= Miriadua Falls =

Uganda Tourist Site

Miriadua Falls is a Ugandan tourist site found in Maracha on River Oluffe, over 20 kilometres north of Arua City.

== Location ==
Located in Lici Village, Kakua Parish, Kijomoro Sub-county, Maracha District, 2 km from Arua-Maracha road in river Oluffe.

Miriadua Falls in Maracha

==Activities==
The falls is set amidst lush greenery, but Miriadua Falls is not just a visual treat with cascading water plunging down rocky cliffs; it also provides opportunities for adventure.
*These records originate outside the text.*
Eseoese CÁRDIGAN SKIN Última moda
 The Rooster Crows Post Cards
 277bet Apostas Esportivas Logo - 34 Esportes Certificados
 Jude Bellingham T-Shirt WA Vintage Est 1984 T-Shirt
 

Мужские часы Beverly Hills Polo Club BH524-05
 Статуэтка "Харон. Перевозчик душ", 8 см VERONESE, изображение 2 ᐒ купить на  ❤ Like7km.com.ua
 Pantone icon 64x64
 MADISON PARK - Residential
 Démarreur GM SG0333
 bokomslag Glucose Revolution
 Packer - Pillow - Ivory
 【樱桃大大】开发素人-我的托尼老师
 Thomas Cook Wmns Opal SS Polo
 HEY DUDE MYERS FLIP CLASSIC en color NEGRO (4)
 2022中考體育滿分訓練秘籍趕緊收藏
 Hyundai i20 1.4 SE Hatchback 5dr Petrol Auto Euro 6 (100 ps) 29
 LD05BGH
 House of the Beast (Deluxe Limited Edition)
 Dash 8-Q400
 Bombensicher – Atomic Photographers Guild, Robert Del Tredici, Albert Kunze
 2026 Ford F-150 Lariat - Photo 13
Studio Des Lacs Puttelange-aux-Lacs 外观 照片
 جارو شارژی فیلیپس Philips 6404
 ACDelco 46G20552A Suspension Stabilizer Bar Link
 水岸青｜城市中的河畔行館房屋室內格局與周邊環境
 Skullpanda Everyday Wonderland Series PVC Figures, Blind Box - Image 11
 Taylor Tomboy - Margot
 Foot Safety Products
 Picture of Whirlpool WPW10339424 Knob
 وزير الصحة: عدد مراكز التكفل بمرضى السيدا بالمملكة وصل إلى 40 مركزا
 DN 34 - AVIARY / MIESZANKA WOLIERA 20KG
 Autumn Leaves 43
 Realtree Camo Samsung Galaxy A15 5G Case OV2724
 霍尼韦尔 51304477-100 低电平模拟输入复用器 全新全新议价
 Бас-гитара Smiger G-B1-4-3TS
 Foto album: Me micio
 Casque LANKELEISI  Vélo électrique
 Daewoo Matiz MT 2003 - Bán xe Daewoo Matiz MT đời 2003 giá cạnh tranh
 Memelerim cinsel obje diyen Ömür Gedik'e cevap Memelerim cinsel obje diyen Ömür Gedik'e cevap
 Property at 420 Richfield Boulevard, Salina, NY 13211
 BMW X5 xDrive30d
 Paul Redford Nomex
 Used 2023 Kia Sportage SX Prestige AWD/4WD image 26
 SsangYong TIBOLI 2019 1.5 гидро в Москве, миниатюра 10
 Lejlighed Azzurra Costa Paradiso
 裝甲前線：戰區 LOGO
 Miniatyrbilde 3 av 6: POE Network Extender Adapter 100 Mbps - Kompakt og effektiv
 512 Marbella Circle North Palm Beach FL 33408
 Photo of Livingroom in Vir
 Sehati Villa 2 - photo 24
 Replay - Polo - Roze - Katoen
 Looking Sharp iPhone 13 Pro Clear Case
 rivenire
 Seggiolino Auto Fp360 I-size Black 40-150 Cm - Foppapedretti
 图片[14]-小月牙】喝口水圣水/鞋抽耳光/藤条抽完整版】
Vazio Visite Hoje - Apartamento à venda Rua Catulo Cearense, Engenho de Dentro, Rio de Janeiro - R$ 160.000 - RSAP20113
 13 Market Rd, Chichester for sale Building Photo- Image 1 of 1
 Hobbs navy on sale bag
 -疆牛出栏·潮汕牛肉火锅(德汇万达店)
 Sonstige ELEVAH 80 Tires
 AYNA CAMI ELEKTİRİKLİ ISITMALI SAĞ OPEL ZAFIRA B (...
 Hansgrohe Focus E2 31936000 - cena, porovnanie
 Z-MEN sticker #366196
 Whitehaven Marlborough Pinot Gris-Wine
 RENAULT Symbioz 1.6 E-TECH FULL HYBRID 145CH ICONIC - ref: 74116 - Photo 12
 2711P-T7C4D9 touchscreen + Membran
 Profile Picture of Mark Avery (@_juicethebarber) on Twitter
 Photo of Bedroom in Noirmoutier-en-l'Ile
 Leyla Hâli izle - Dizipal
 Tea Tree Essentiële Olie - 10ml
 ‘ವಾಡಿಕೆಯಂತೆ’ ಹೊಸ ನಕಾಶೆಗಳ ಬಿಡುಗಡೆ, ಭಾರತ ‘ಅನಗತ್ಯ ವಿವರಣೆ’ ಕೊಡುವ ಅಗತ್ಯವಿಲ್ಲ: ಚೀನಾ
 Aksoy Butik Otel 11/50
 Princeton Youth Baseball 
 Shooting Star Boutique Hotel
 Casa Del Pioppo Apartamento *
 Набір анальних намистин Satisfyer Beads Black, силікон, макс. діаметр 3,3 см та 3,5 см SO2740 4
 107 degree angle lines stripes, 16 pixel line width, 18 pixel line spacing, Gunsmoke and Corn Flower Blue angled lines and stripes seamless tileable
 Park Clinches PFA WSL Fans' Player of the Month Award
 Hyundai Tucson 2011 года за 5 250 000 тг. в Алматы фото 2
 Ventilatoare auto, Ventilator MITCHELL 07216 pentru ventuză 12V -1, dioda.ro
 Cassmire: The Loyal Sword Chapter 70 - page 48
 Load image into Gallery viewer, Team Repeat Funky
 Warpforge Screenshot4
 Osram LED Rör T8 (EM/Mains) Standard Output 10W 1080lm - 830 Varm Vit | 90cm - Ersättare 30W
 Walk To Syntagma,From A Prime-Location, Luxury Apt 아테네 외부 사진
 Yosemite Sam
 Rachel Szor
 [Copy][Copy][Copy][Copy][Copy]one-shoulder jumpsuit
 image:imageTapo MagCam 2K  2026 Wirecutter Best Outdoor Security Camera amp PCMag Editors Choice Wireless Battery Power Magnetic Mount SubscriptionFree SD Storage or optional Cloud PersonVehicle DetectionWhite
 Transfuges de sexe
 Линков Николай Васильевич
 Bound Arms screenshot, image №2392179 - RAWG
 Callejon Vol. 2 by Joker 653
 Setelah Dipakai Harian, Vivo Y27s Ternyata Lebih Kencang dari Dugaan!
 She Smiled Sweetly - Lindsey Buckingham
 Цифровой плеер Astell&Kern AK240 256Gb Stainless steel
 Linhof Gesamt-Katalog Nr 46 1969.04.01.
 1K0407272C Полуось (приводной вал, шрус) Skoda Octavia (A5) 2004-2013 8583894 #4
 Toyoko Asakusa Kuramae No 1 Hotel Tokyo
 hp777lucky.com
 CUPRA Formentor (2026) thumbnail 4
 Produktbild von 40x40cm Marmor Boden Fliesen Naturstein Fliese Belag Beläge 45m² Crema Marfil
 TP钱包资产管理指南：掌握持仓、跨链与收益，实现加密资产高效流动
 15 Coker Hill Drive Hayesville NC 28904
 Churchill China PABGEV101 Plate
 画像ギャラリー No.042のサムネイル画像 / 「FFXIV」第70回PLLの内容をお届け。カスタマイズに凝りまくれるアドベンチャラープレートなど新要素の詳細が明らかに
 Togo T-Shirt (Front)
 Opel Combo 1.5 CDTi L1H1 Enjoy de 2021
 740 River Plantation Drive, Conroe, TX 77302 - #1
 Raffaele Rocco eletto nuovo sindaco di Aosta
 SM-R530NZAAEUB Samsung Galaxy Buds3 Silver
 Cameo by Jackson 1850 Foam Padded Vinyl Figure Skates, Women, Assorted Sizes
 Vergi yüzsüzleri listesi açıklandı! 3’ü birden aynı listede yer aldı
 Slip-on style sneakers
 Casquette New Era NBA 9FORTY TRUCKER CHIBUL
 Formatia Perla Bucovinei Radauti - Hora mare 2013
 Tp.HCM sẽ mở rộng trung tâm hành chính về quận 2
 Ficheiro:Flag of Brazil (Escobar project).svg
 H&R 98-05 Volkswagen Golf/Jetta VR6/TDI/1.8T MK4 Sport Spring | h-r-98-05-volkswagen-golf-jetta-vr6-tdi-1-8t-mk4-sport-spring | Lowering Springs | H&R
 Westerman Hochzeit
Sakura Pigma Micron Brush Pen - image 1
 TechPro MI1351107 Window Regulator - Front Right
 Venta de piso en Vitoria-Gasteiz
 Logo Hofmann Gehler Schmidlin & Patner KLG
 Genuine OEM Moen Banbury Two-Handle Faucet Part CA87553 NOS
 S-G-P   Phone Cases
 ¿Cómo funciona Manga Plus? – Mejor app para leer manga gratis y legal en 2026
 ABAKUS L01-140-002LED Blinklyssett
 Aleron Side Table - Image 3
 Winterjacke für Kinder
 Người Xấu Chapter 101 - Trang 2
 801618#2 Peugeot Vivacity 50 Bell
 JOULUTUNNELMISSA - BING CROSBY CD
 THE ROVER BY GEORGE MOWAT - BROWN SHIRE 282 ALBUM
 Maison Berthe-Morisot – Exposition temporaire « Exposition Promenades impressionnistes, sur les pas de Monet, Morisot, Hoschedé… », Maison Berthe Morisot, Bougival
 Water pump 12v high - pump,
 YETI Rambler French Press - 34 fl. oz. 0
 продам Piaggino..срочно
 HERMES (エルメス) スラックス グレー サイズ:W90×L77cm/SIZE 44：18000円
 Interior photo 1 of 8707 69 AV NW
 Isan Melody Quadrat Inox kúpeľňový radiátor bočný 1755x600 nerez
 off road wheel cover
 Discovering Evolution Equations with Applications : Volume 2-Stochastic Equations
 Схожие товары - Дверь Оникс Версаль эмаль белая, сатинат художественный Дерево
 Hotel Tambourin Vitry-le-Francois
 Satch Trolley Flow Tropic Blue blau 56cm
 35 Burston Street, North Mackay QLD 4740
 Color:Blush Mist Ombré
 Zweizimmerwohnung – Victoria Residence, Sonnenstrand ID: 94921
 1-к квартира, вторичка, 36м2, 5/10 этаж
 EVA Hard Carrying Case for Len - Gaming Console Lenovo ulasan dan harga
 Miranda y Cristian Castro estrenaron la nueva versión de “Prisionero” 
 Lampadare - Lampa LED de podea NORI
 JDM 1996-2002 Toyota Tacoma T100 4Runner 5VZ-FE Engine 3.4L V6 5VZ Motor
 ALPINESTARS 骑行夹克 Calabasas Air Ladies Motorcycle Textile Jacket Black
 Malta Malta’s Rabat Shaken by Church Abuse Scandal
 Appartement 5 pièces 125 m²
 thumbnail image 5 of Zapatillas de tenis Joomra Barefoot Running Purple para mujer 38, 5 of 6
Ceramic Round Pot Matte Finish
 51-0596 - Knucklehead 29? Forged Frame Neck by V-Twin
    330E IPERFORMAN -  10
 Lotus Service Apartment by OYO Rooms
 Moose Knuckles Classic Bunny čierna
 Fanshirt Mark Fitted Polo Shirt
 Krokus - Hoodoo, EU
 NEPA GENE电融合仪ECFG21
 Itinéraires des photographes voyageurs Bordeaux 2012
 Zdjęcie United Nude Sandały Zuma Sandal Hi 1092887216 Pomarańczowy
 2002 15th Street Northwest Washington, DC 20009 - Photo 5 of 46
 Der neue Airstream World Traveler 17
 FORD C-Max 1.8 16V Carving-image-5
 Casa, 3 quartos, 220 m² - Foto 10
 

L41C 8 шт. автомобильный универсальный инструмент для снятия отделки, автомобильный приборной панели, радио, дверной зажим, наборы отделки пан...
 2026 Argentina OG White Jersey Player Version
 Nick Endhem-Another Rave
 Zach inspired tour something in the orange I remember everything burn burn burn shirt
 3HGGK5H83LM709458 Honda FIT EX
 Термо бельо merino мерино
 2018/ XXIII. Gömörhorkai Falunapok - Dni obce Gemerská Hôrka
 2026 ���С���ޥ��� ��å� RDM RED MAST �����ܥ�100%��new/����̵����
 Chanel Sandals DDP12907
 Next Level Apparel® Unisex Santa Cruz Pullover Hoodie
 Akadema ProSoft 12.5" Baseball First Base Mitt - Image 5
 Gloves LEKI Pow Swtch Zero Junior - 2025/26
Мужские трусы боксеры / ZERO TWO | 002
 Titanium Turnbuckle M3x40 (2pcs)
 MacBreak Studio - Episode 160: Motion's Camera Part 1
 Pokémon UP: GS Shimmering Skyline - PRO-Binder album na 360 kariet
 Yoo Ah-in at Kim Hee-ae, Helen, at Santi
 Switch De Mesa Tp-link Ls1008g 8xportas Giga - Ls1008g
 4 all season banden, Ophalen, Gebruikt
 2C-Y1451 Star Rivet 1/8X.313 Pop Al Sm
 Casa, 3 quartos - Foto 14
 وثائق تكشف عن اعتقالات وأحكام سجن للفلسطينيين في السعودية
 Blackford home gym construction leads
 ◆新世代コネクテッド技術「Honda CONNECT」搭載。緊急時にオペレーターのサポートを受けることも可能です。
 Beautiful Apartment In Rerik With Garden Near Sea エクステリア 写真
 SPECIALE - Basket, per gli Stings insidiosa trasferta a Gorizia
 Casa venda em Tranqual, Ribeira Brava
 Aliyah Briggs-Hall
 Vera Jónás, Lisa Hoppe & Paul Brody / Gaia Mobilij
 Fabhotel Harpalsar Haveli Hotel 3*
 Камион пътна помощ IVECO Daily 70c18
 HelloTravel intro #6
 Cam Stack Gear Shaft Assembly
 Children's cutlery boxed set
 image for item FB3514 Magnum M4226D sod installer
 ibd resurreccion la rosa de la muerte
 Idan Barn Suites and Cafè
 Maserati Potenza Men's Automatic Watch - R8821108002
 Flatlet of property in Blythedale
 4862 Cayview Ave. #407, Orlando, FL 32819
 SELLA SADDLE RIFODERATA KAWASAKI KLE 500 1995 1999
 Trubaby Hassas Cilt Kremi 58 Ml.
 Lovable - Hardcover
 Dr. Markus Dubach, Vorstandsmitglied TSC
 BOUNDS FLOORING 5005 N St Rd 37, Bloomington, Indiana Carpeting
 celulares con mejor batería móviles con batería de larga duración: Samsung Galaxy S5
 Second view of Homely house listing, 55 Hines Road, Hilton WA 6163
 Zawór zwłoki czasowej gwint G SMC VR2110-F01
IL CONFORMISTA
Visitors can engage in hiking and birdwatching, discovering the diverse wildlife that inhabits the surrounding areas. The nearby trails take you through picturesque landscapes, offering panoramic views that showcase the region's natural charm. It's a setting for picnics and family gatherings where the beauty of the falls enhances every moment spent with loved ones.

==Directions==
Miriadua Falls is found off the Koboko Highway after Kijomoro; cut inwards next to the Kakwa Cope Centre signpost and move forward for 2 kilometres until you bend left before Ambidro Health Centre III with blue ironsheet roofs! Taxis or bodabodas can drop you near there from Arua City in half an hour starting at about 5,000 UGX onwards.